▶ WHAT THE EXERCISE ASKS:
Read the records and gather each line that includes "black".
┌──
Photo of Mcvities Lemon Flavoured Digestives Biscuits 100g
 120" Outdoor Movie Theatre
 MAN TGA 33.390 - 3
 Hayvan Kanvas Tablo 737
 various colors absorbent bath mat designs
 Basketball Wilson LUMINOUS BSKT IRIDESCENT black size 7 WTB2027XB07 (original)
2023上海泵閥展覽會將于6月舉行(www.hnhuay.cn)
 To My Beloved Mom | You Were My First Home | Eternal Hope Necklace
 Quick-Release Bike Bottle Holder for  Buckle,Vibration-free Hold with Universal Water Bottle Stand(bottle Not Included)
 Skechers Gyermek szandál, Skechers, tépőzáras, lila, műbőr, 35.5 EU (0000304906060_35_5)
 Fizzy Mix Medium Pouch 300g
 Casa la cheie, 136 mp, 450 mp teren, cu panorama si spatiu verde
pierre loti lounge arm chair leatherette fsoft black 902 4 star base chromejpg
└──
▶ WRITTEN ANSWER:
 Basketball Wilson LUMINOUS BSKT IRIDESCENT black size 7 WTB2027XB07 (original)
pierre loti lounge arm chair leatherette fsoft black 902 4 star base chromejpg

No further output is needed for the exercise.